Modern businesses are encountering some very unique challenges in the new normal. Now that companies are operating on a remote work model or a hybrid one, ensuring trust, accountability, and effective collaboration can be a demanding task. 

Fortunately, CRM software can help mitigate some of these issues through effective reporting, project and customer monitoring, data storage and communication logs, and more. Everything you feed into your CRM system is stored and your employees can access crucial data easily.

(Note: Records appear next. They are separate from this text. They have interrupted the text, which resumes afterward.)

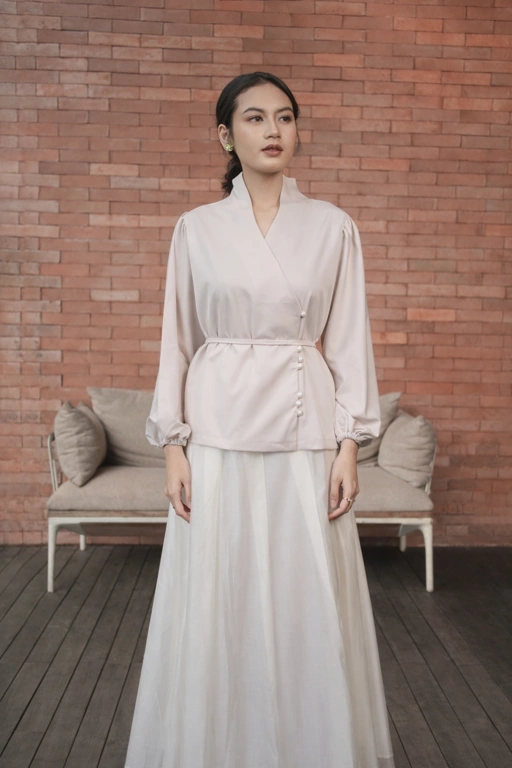 Image of Suri Top Long Sleeve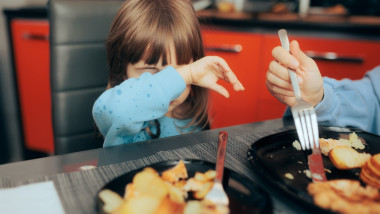 Toddler,Girl,Refusing,To,Eat,Lunch,At,Home.,Little,Child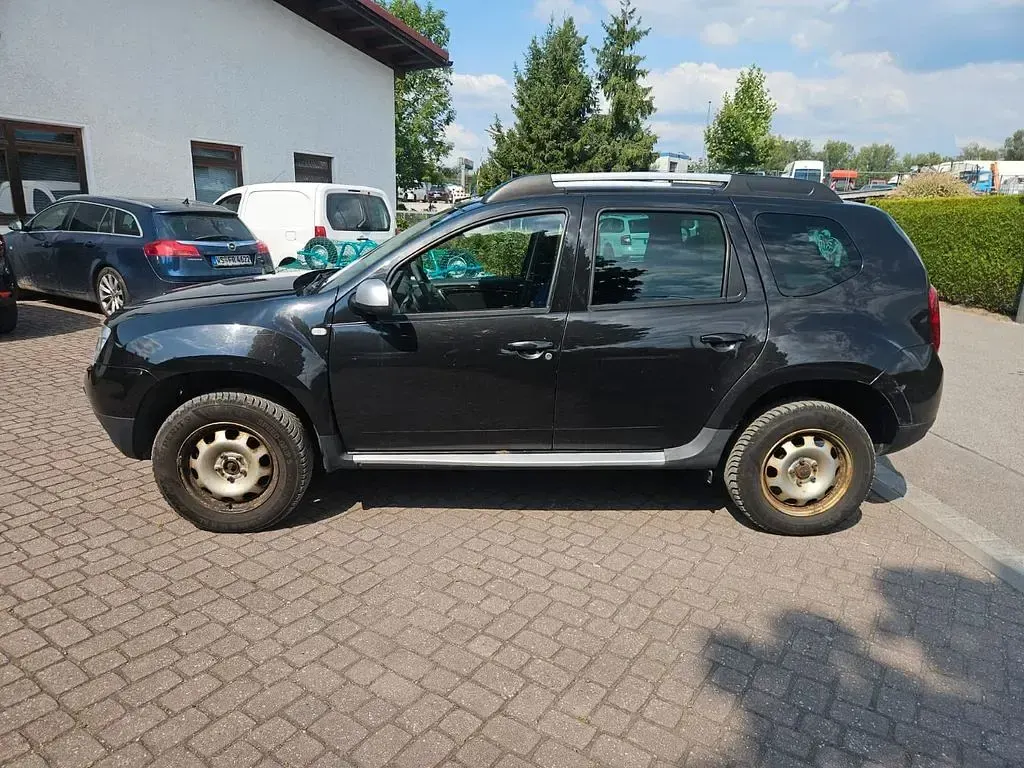 Gebraucht Dacia Duster Lauréate 105 PS (77 kW) 2011 Schwarz SUV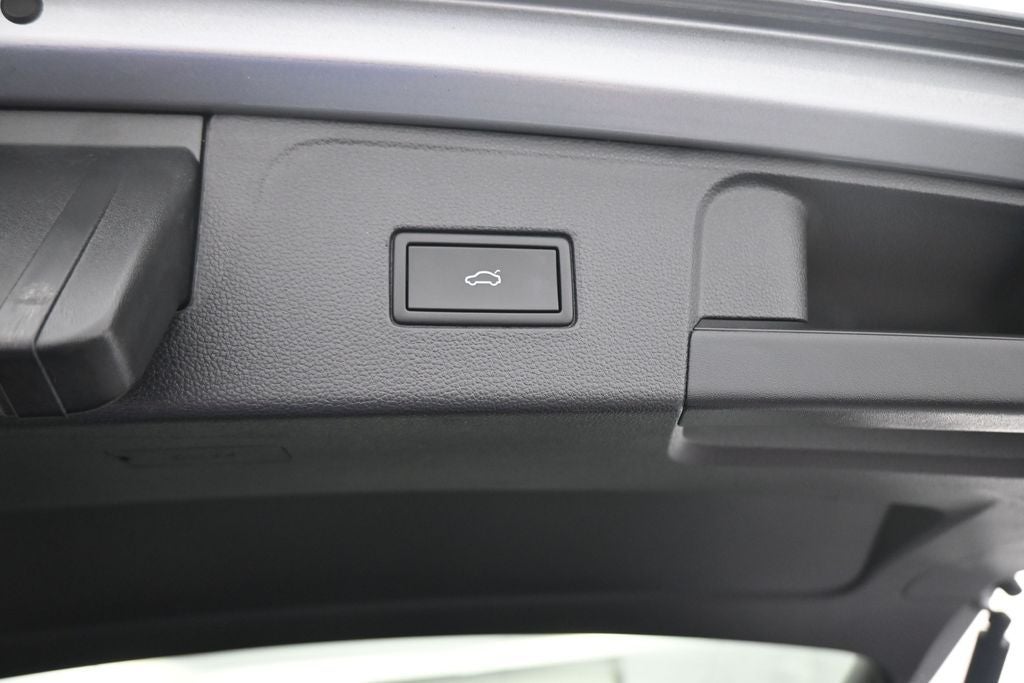 2023 Volkswagen Atlas 2.0T SE w/Technology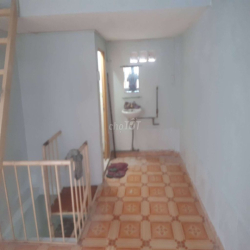 Nhà riêng 1 trệt 1 lầu,1 gác lửng ,điện nuoc riêng,sạch sẽ  an ninh
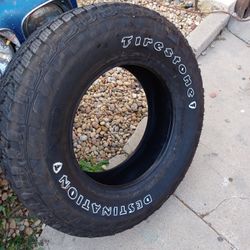 255-75r17 Firestone Destination A/T2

When it comes to ensuring accountability, which is an important part of workplace culture and overall happiness, a CRM can help you keep eveyrthign logged and all information stored safely on the platform. This means that everyone, including the upper management, will always have a way to resolve workplace misunderstandings or disputes by having access to a clear communication track record.

CRM can also help build trust between teams through better collaboration and accountability, as it allows individual team members to stay on top of all projects and tasks, monitor customer-specific tasks and objectives, and more. This kind of collaboration reduces stress and most importantly, it helps defeat department silos in remote teams.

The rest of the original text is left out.